* [Collected material]
▼▼▼

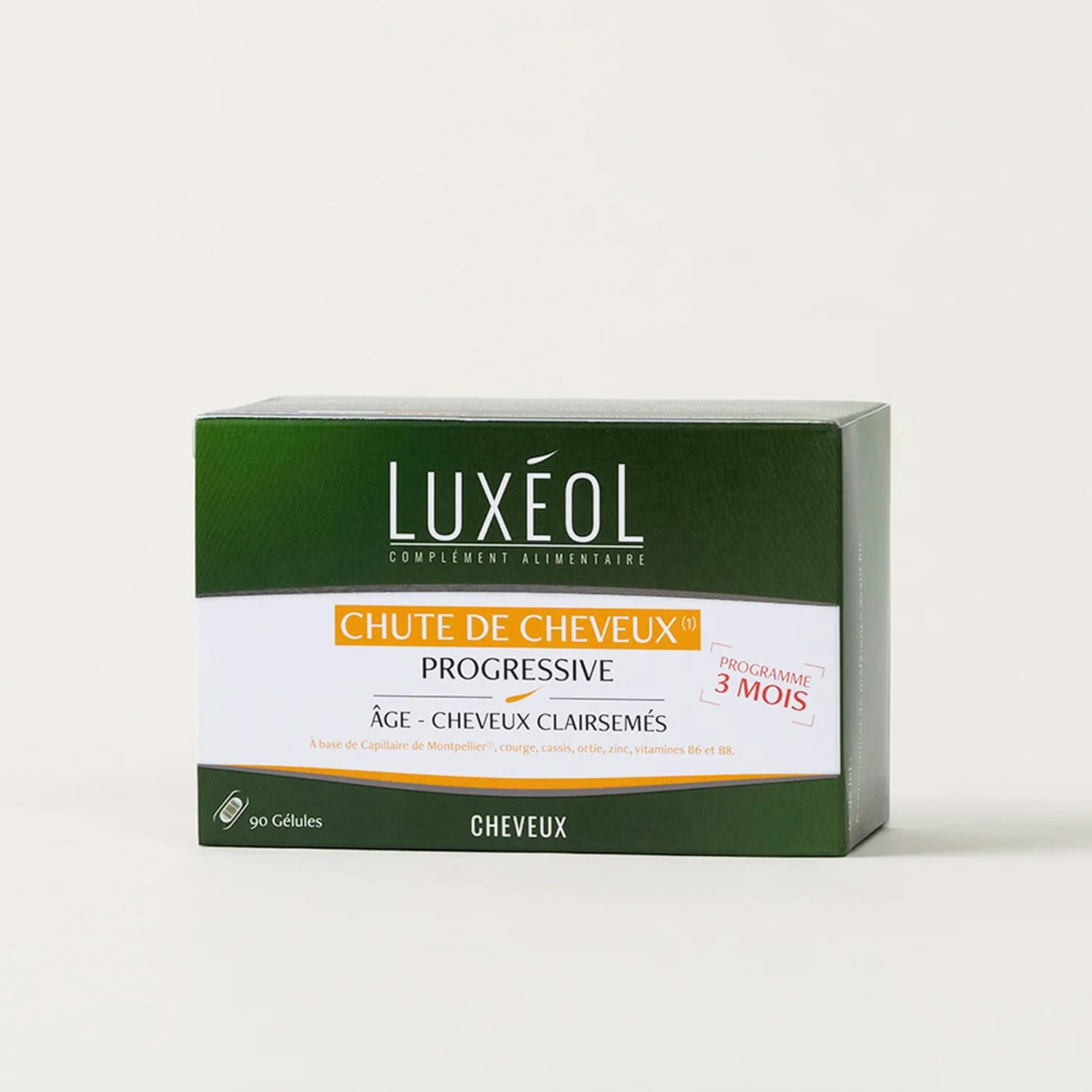 Luxeol Chute De Cheveux Progressive 3 Mois 90 Gelules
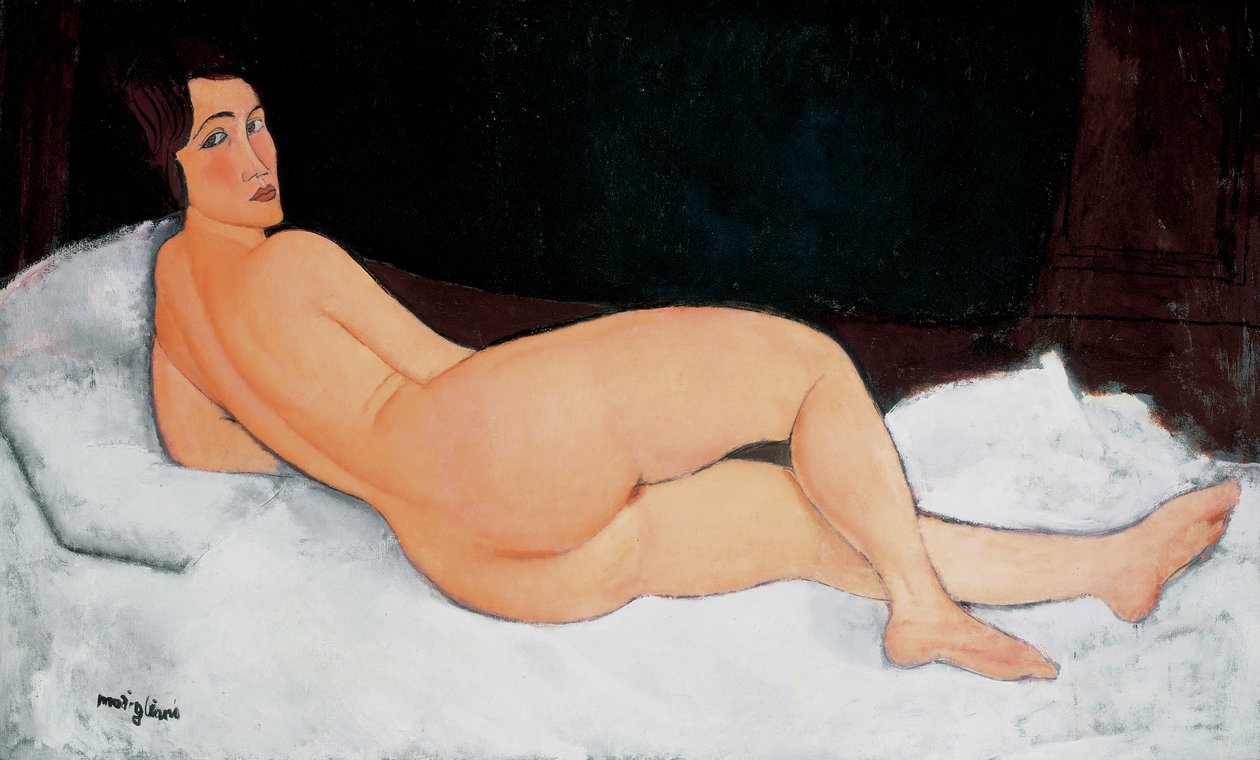Rustende naakt door Amedeo Modigliani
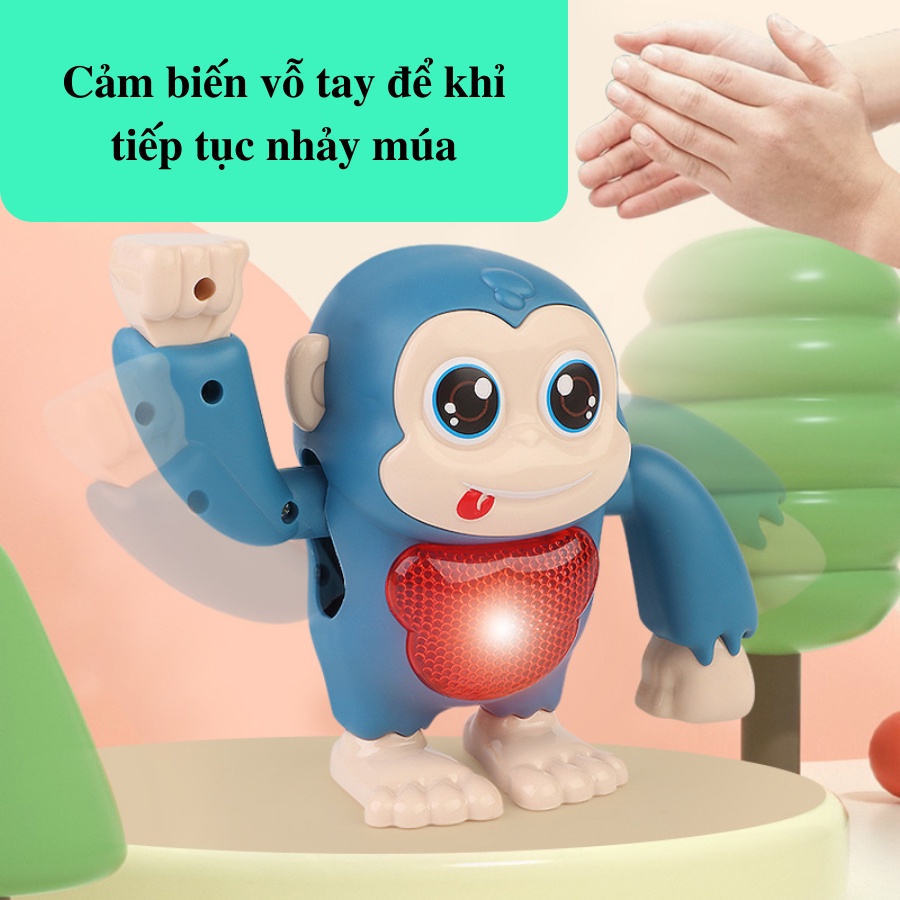 Đồ Chơi Chú Khỉ Nhảy Múa Phát Nhạc Vui Nhộn cho bé Kumi toys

▲▲▲

* [What to do] Please repeat each line above exactly as it appears, but omit the pictures.

* [Exercise response]
 Luxeol Chute De Cheveux Progressive 3 Mois 90 Gelules
Rustende naakt door Amedeo Modigliani
 Đồ Chơi Chú Khỉ Nhảy Múa Phát Nhạc Vui Nhộn cho bé Kumi toys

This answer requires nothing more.